# His and Hers 555s



## hairscrambled (Nov 18, 2004)

Nice! Be careful with the matching outfits. My wife rides a 49cm KG461 with Centaur and Orion IIs. So far her favorite bike.


----------



## ChilliConCarnage (Jun 1, 2006)

It took a while to get the parts together (thank you Seattle Bike Swap!), but they were finally finished this morning... Just in time for the heavens to open up and bestow a deluge upon the earth. So there's been a five minute ride in the rain, but no serious saddle time yet.

HERS:








49cm, Dura-ace 9sp brifters, Ultegra r.der, Bontrager triple crank [update: FSA Carbon triple!), and Rolf Vectors. The white tape looks great, but begs for a matching white saddle.

HIS:








His looks like a rolling advertisement for FSA: FSA K-Force stem, FSA K-Force handlebar, FSA K-Force Light seatpost, compact FSA SLK crank, and FSA C-16 compact-specific front derailleur. The rest is Ultegra 10sp with some well used Ksyrium Elites [update: RealDesign UltraFlys - only 1430 grams! and added a Garmin Edge 305 HR+CAD). 

FSA GALORE:









I can't wait for the liquid weather to pass.

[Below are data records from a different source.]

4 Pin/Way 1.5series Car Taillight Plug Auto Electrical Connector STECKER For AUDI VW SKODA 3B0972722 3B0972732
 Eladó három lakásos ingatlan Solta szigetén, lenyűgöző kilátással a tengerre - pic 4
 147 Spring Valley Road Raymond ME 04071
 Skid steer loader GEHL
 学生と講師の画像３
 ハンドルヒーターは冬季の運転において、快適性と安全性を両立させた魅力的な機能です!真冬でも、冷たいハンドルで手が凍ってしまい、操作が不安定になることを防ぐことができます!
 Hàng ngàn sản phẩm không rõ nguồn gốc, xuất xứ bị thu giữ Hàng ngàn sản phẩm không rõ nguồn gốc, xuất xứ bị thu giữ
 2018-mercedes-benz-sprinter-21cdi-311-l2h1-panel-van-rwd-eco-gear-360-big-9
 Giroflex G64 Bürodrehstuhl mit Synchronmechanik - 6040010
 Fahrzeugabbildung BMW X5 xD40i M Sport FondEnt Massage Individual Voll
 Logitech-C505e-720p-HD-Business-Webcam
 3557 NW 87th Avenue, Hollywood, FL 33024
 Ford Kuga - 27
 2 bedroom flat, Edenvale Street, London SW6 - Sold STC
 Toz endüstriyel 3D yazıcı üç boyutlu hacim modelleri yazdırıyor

A special thanks to Chas and Tino and Look USA's ridiculously good customer service. This is a company that not only makes superb bikes, but has the type of people working for them that makes you proud to support their business. :thumbsup:


----------



## chas (Aug 10, 2006)

Nice Chilli! Glad to see you two are back on the road. 

*[email protected]*


----------



## ryan5 (Jan 15, 2007)

very nice looking, but be careful to not break your wrists on those shifters. man they are vertical. :aureola:


----------